== PROVIDED DATA

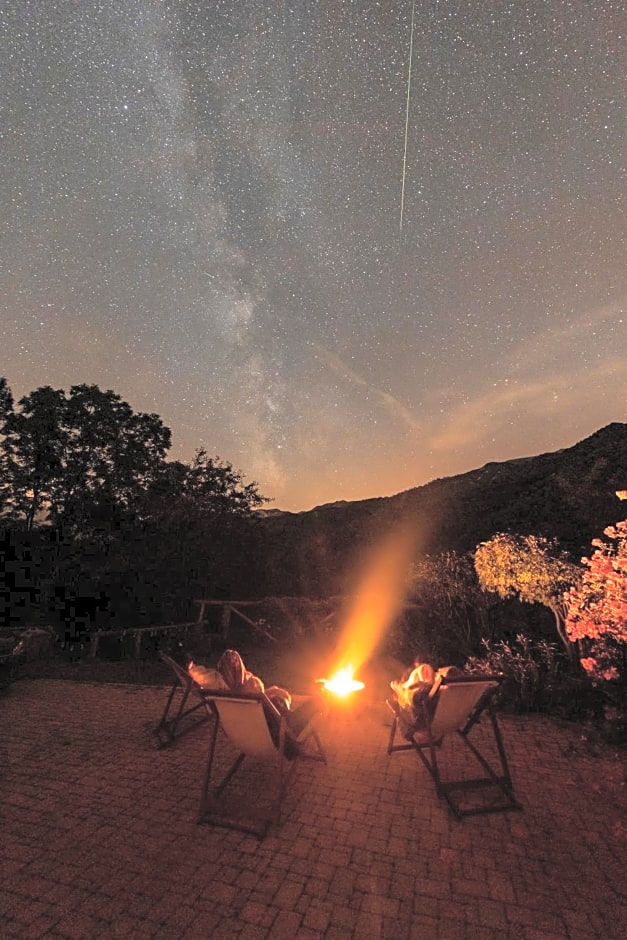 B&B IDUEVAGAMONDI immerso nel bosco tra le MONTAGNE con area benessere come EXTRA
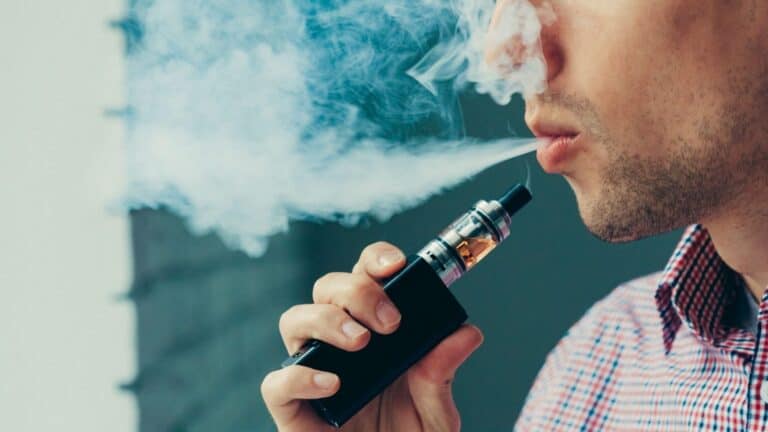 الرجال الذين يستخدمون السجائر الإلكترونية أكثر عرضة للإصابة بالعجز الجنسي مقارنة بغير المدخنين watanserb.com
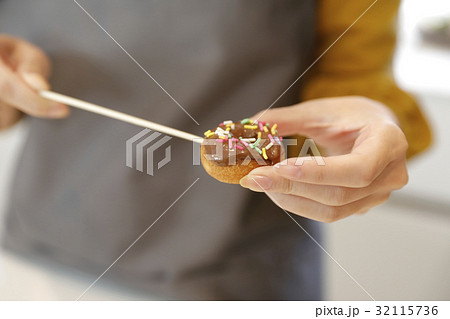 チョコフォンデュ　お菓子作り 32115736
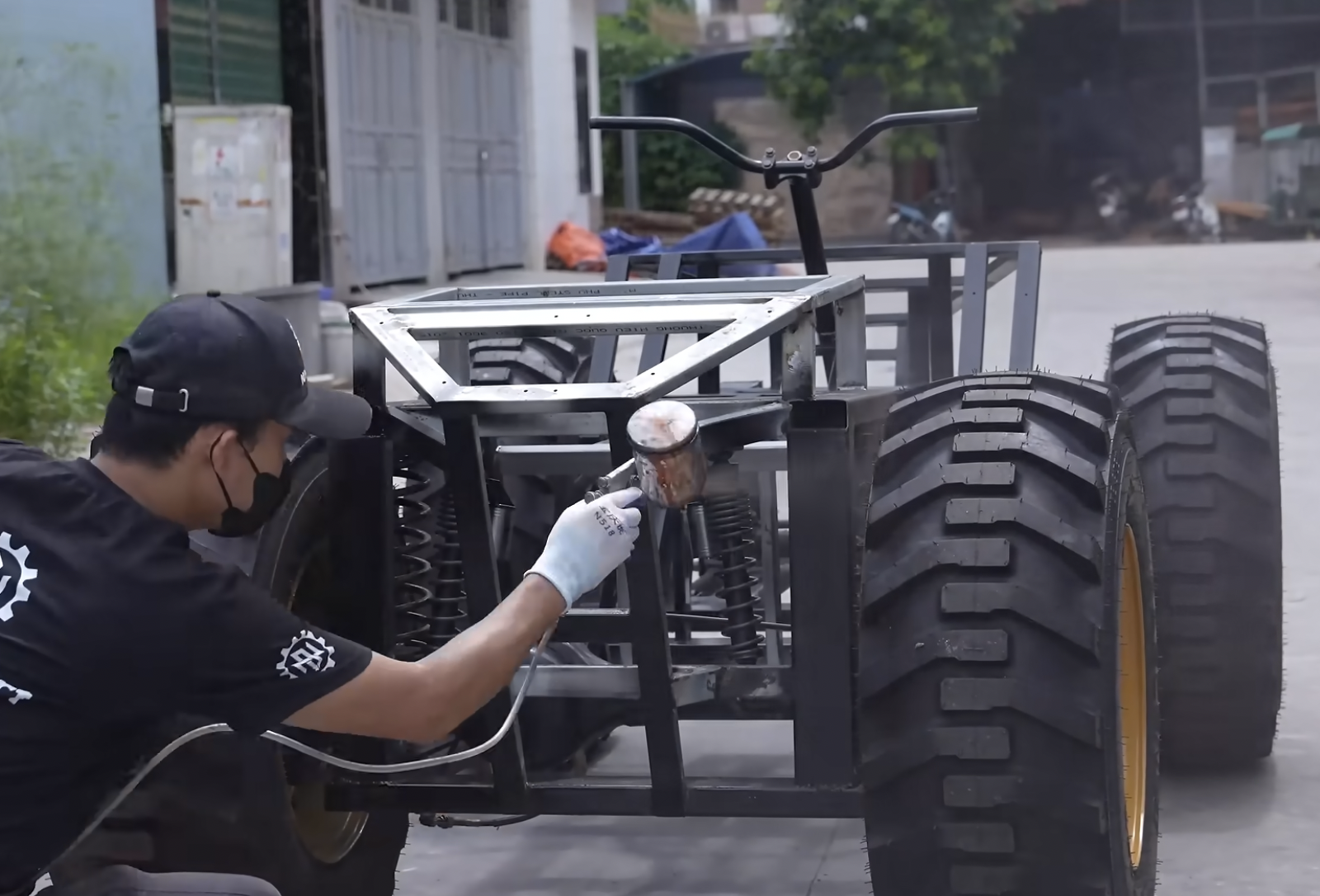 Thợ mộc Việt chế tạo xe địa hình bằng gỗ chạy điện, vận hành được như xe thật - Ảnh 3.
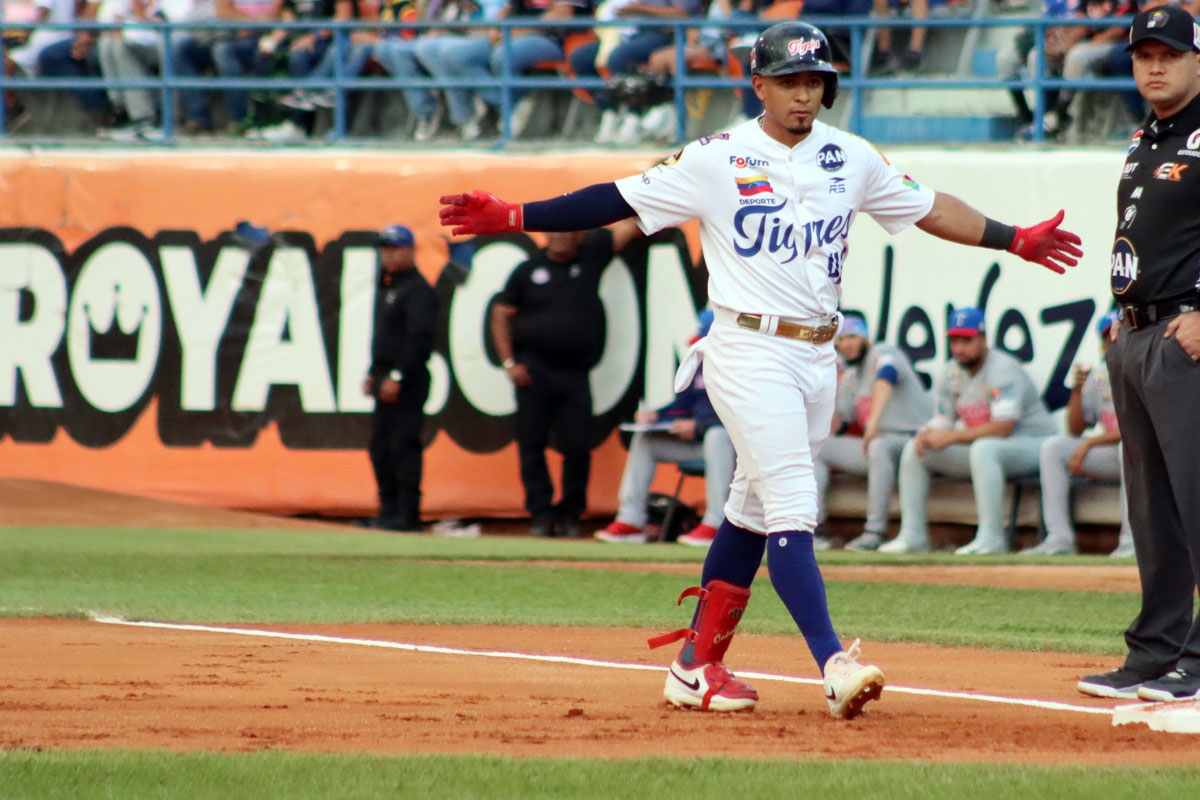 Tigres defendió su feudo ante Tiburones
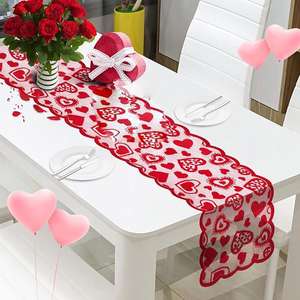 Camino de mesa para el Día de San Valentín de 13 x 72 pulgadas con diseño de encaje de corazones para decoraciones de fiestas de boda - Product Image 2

====

With the pictures omitted, set down each line exactly, starting at the first line of the records above and ending with the line that contains "チョコフォンデュ　お菓子作り 32115736".

 B&B IDUEVAGAMONDI immerso nel bosco tra le MONTAGNE con area benessere come EXTRA
 الرجال الذين يستخدمون السجائر الإلكترونية أكثر عرضة للإصابة بالعجز الجنسي مقارنة بغير المدخنين watanserb.com
 チョコフォンデュ　お菓子作り 32115736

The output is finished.